**EXTRACTED INFORMATION**:
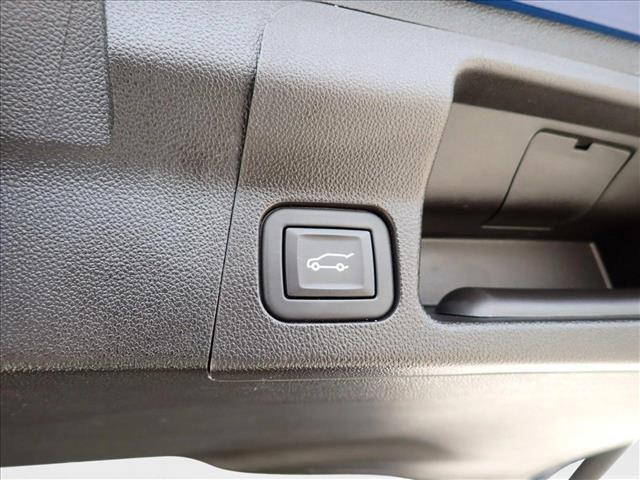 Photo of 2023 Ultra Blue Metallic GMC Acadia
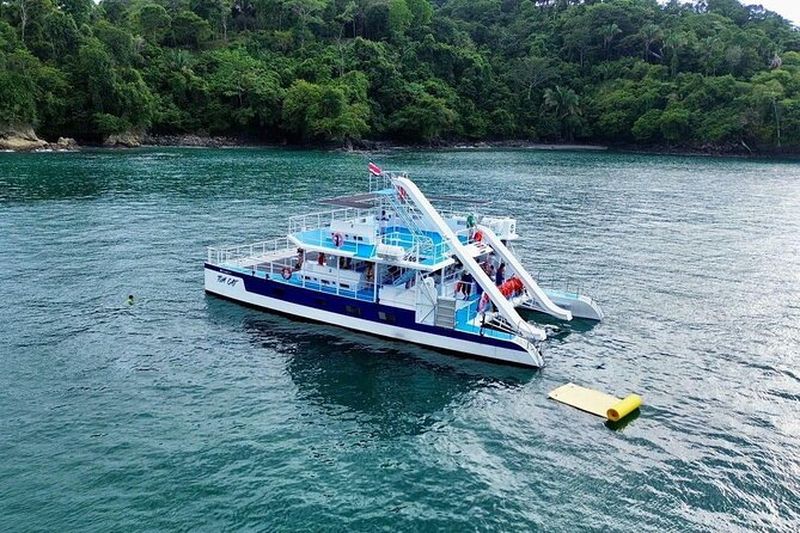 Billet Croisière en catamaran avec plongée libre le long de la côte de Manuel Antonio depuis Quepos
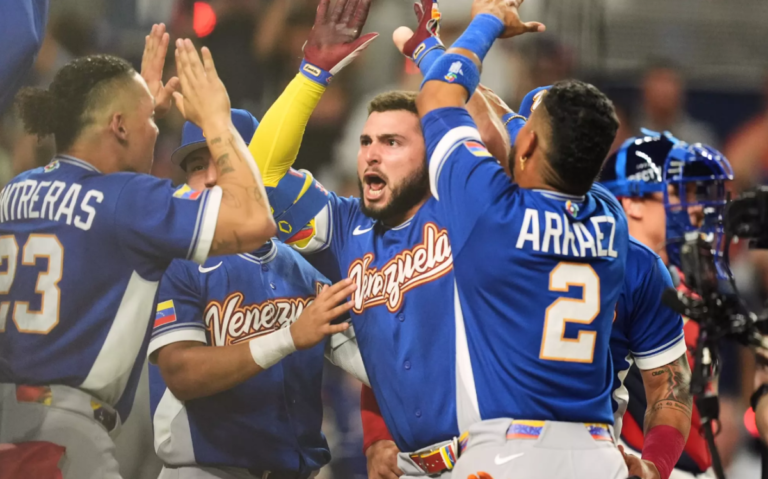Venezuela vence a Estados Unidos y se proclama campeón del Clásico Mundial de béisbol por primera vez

* * *

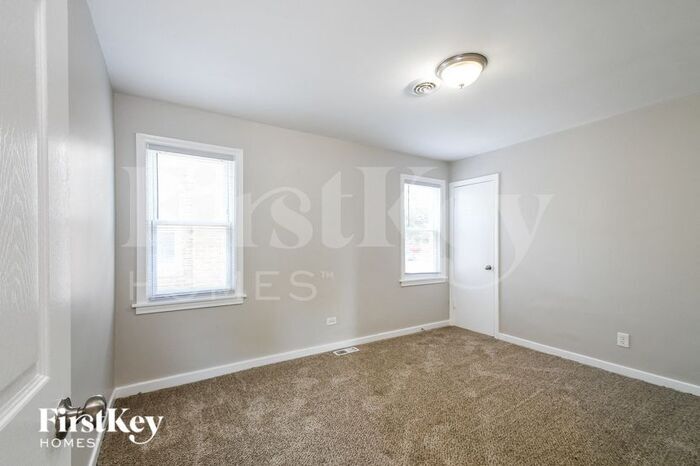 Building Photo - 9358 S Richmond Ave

**WHAT TO PRODUCE**: Between and including the line above that contains "Billet Croisière en" and the line that contains "Venezuela vence a", restate every line word for word. Pictures stay out.

**PROBLEM SOLUTION**:
 Billet Croisière en catamaran avec plongée libre le long de la côte de Manuel Antonio depuis Quepos
Venezuela vence a Estados Unidos y se proclama campeón del Clásico Mundial de béisbol por primera vez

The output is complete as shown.